● Assignment: Keep every line in which "Shopping" occurs and drop the rest of the data.
++++ Records for this task
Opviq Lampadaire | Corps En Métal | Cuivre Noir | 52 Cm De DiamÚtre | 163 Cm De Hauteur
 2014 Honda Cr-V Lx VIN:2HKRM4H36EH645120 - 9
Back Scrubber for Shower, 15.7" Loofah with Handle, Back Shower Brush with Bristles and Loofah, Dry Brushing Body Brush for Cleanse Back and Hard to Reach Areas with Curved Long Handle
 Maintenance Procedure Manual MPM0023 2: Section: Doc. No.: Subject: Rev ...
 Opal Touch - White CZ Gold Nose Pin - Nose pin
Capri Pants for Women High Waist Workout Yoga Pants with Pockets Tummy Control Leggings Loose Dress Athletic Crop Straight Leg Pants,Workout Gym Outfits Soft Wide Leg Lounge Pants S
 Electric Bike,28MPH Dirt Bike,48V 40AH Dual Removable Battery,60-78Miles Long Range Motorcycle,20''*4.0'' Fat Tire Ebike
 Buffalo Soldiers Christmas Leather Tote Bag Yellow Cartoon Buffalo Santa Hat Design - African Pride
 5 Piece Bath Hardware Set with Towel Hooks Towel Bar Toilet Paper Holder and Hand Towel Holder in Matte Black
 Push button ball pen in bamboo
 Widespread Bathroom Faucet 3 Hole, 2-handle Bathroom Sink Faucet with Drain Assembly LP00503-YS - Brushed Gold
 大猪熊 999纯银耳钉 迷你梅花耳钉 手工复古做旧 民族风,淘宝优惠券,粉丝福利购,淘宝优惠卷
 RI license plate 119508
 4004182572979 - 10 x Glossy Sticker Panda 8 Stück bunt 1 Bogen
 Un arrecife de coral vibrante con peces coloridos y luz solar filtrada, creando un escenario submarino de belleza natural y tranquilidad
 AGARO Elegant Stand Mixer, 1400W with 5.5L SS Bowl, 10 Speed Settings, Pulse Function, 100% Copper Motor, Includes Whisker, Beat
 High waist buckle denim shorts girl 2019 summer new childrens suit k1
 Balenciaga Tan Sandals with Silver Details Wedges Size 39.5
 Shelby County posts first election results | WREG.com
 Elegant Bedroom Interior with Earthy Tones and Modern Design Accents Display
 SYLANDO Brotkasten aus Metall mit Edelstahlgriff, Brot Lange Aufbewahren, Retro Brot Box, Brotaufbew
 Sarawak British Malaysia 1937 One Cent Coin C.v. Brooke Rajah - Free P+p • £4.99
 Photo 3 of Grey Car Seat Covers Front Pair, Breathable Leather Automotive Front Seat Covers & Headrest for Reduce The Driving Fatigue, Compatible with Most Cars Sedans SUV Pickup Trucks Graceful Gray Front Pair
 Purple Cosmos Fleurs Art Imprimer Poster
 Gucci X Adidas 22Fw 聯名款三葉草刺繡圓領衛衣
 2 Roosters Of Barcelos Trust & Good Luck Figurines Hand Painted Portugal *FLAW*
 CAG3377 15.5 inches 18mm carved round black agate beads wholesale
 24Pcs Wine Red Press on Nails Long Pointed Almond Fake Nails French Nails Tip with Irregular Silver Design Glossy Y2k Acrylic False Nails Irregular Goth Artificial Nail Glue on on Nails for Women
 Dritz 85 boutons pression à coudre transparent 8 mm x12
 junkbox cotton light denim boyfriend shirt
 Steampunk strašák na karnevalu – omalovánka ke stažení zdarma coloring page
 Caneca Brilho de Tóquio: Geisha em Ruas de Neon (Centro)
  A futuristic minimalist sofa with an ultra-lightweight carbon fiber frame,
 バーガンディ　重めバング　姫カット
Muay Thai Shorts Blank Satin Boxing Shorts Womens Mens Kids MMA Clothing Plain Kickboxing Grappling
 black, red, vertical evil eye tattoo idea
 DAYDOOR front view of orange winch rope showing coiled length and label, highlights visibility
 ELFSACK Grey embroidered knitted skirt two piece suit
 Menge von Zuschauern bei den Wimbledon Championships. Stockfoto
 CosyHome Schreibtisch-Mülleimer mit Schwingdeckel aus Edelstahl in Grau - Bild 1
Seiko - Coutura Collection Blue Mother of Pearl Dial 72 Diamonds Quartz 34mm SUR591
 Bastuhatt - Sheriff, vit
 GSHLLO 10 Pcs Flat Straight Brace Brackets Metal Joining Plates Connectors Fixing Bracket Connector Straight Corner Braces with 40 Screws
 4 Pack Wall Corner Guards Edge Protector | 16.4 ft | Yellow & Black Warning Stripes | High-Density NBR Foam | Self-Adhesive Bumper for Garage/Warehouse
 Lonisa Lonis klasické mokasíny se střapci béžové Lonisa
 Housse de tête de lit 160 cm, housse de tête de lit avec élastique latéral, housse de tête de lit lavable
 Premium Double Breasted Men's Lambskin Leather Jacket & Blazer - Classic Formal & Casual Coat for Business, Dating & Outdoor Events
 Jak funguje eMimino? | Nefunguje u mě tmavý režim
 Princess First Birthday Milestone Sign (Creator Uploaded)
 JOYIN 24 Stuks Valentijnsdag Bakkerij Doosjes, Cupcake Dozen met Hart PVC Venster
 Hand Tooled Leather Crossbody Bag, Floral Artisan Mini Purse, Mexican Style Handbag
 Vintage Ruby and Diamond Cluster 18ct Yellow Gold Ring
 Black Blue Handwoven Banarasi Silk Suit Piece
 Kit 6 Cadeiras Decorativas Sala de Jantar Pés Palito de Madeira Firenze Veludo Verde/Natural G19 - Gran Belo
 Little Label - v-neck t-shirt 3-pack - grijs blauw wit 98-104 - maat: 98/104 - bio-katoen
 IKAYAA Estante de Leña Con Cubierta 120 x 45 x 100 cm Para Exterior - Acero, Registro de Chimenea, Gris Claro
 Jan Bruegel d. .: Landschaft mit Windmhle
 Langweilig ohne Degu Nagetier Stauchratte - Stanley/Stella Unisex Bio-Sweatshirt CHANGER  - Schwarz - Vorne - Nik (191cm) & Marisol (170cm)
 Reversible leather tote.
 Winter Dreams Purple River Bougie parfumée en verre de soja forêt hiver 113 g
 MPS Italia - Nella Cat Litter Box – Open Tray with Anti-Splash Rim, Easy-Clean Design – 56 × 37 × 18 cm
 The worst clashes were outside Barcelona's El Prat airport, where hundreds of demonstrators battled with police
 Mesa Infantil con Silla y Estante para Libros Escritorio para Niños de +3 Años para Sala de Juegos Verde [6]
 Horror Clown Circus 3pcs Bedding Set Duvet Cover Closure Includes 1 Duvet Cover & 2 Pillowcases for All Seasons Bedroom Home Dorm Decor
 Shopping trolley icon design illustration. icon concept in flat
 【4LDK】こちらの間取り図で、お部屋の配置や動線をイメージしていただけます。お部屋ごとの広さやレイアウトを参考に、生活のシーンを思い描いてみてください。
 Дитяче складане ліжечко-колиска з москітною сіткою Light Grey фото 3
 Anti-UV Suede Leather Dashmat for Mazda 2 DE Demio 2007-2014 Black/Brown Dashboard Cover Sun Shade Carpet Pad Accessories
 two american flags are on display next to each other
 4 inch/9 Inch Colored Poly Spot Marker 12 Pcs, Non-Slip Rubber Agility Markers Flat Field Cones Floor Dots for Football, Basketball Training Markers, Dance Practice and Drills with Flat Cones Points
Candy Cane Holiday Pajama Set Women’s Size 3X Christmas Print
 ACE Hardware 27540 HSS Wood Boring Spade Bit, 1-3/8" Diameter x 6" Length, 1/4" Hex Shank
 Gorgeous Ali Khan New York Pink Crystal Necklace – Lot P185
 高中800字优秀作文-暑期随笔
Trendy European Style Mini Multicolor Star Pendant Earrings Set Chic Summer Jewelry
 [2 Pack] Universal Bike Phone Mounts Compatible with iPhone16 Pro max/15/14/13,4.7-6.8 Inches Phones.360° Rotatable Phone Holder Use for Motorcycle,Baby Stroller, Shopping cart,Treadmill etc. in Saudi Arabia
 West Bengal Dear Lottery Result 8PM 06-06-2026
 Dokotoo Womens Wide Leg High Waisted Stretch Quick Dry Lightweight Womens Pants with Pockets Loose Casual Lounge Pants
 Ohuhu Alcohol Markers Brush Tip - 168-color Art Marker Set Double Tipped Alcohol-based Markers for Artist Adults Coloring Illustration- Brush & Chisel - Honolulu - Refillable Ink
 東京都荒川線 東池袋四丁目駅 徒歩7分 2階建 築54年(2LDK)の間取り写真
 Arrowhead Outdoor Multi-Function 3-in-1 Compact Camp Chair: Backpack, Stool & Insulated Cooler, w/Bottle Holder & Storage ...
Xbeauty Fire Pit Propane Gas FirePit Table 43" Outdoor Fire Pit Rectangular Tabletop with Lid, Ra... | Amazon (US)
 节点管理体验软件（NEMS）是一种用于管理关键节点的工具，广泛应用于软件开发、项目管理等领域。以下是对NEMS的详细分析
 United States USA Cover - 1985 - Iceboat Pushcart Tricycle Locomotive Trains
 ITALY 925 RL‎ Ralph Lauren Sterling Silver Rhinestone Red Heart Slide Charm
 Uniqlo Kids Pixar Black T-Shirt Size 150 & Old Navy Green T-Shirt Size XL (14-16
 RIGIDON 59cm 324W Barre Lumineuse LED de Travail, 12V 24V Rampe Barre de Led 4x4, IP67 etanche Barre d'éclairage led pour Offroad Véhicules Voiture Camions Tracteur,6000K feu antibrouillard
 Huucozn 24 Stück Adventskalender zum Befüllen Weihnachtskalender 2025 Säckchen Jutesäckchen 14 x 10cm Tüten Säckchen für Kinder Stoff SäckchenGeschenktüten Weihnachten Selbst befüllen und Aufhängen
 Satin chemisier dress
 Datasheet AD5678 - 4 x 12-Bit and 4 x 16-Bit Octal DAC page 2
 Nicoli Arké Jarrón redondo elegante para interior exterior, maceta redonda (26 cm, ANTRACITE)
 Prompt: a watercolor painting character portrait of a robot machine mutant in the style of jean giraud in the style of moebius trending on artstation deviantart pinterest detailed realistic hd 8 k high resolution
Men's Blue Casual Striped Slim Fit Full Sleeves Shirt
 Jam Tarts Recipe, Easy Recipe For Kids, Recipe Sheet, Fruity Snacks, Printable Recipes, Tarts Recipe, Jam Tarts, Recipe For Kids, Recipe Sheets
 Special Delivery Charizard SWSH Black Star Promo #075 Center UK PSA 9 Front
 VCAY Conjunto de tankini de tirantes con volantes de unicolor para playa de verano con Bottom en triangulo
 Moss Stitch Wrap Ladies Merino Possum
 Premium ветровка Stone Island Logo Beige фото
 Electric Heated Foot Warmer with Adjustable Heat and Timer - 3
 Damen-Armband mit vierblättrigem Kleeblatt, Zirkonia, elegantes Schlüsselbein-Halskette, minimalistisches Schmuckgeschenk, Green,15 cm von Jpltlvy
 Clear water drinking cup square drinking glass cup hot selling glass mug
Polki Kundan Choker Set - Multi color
++++++++
● Expected answer:
 Shopping trolley icon design illustration. icon concept in flat
 [2 Pack] Universal Bike Phone Mounts Compatible with iPhone16 Pro max/15/14/13,4.7-6.8 Inches Phones.360° Rotatable Phone Holder Use for Motorcycle,Baby Stroller, Shopping cart,Treadmill etc. in Saudi Arabia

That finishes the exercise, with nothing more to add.